The campus center's face-lift included combining what was a dark hallway and an exterior walkway to create a light-filled gathering point for students and an expansive entry into the renovated cafeteria. Columns are now wrapped with counters for seating and access points for laptops, a reception desk is manned for information and security, the book store has expanded and a Subway is moving in. A new exit points toward adjacent Hoosac Hall, where the Hoosac Harbor lounge will become a new entranceway.
Admissions, meanwhile, has moved from the construction zone on Blackinton to Smith House, one of the oldest buildings on campus.
"We've been careful of how it's been used because it's such an important building," said Grant. "It's a great way to welcome families, groups, students to the campus."
While the college is undergoing some dramatic physical changes, there are still challenges ahead. MCLA welcomed its largest freshmen class this past fall but it will have to adapt to changing populations.

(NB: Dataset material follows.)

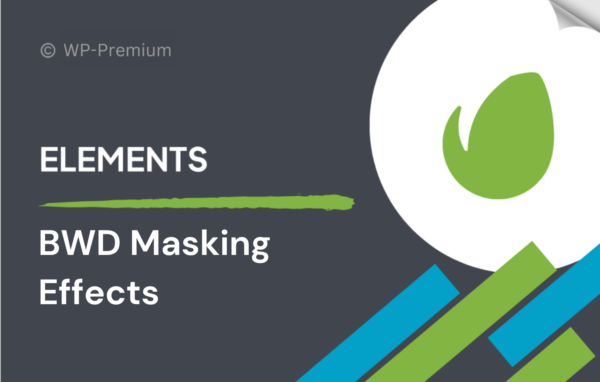 Masking Effects addon for Elementor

"As we look at the demographics in the marketplace, traditional college-age student numbers are down across the country because of demographic bubbles bursting," said Grant. "We have to be thinking about that and what is our position in this marketplace."
MCLA will continue its concentration on high-quality eduction and affordability, including efforts in STEM (science, technology, engineering and math), which are growth fields for jobs in Massachusetts. Other initiatives including aiding the growing number of community college students transfering into four-year schools and using scholarship beguest of $500,000 to help freshmen financially make the step to sophomore.
"We have more programs, and nothing in 10 years has gone down in price, so when I think about the work we are doing it is extremely, extremely efficient as it is and now what we need is a greater investment to support the work that we're doing," she said.
The Berkshire delegation is listening to college officials and its union leaders as the budget process begins, said state Rep. Gailanne Cariddi, D-North Adams. "We listen to you, we hear your concerns, you have our ears and I want you to know that. "
The delegation, she said, "is very committed to your institution, to MCLA here, that we want to see this fine institution goes on for many, many years to come."
Also speaking at the breakfast were trustees President Stephen J. Crowe; Mayor Richard Alcombright; Dana Rapp, president of the Faculty Association; Charles Cianfarini, president of the local Association of Professional Administrators; Sean Smith, chief steward of the local American Federation of State, County and Municipal Employees; Todd Foy Jr., president of the Student Government Association; and Student Trustee Jaynelle Bellemore.